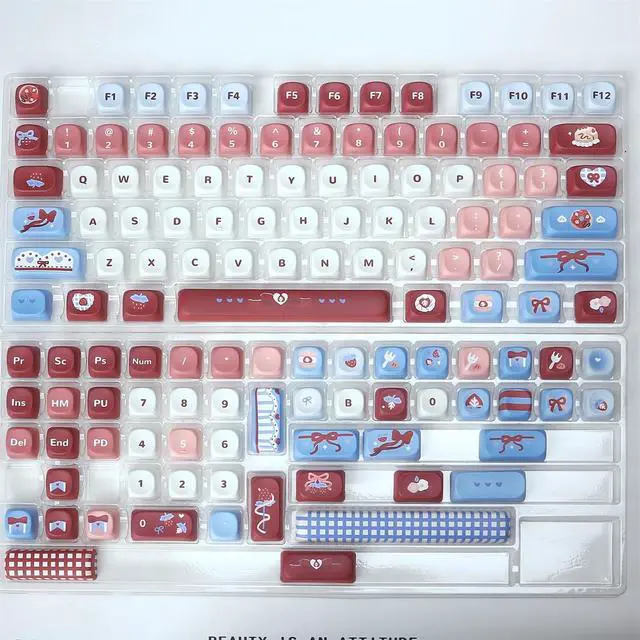 Alt view image 7 of 7 - MOA Profile Cute Keycaps,PBT Dye Sublimation Kawaii Round Keycaps Full 129 Key Caps Custom Keycap for Cherry MX Switches Mechanical Keyboard DIY Creamy Key Caps Set (Red-Strawberry)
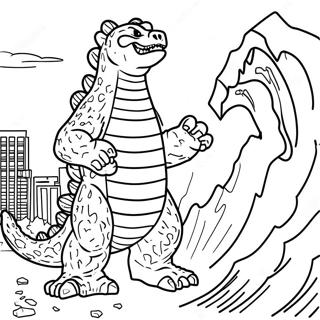 Page à colorier de Godzilla 2000 détruisant la ville | Page de coloriage Godzilla 2000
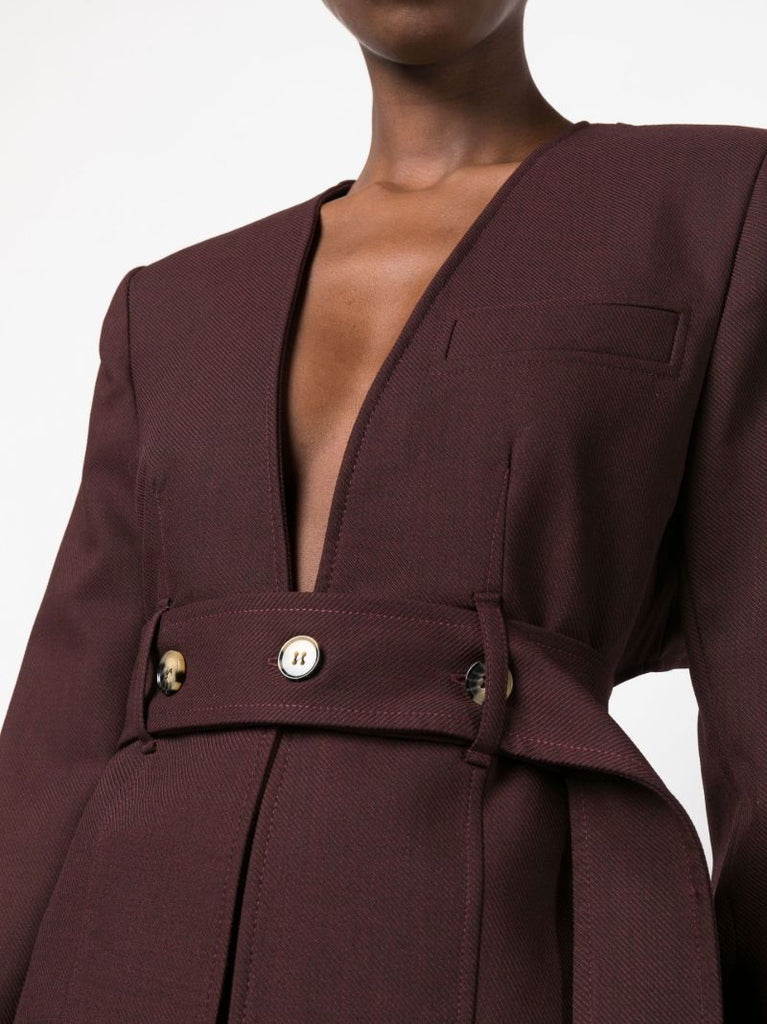 Brown Asymmetric Belted Blazer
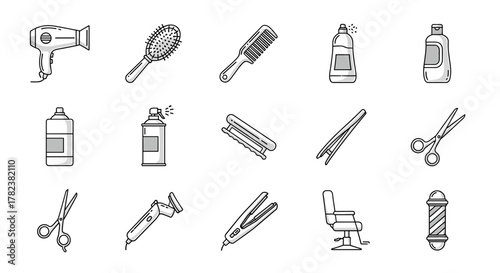 A collection of minimalistic thin line icons representing various hair salon and barber shop tools and equipment, including a hairdryer, combs, brushes, scissors, hairspray, styling bottles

= = =

_Task prompt:_ Output the lines of the data exactly, starting at the first and ending with the line that has "Brown Asymmetric Belted Blazer". Pictures are not part of it.

_Result:_
 Alt view image 7 of 7 - MOA Profile Cute Keycaps,PBT Dye Sublimation Kawaii Round Keycaps Full 129 Key Caps Custom Keycap for Cherry MX Switches Mechanical Keyboard DIY Creamy Key Caps Set (Red-Strawberry)
 Page à colorier de Godzilla 2000 détruisant la ville | Page de coloriage Godzilla 2000
 Brown Asymmetric Belted Blazer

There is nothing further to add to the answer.